Vale la pena recordarle a los “constitucionalistas” que le redactaron el Decreto a quien ejerce la presidencia, que una “elección universal” conforme a la Constitución (art. 63), es aquella en la cual votan todos los ciudadanos que son los electores, sin discriminación ni exclusión de cualquier tipo Por tanto, en Venezuela, para la integración de los órganos del Estado solo puede hacerse mediante elección universal, donde todos los ciudadanos tienen derecho de participar y votar. Por tanto, una elección que se haga en “ámbitos sectoriales,” precisamente por tratarse de sectores, es la antítesis de la universalidad.

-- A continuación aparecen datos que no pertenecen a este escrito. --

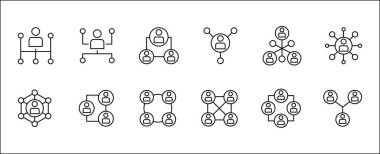 Business teamwork and network vector icon set. Cooperation business thin line icons. Contains symbol icons of connection, management, team, group, relationship, leadership, deliberation, forum. clipart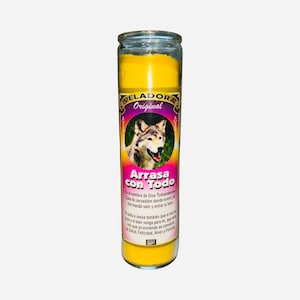 Arrasa con Todo del Coyote Veladora Para Limpias, Quitar Todo lo Malo y Abre Caminos - Destroy Everything Fixed Candle to Open Roads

Una “elección sectorial” puede admitirse fuera del ámbito de los órganos del Estado, por ejemplo, para un partido político, un club social, un sindicato o una cámara de comercio, donde solo los miembros de esas organizaciones son electores; pero no para una Asamblea Nacional Constituyente que debe representar la universalidad del pueblo quien es el único el depositario de la soberanía y del poder constituyente originario.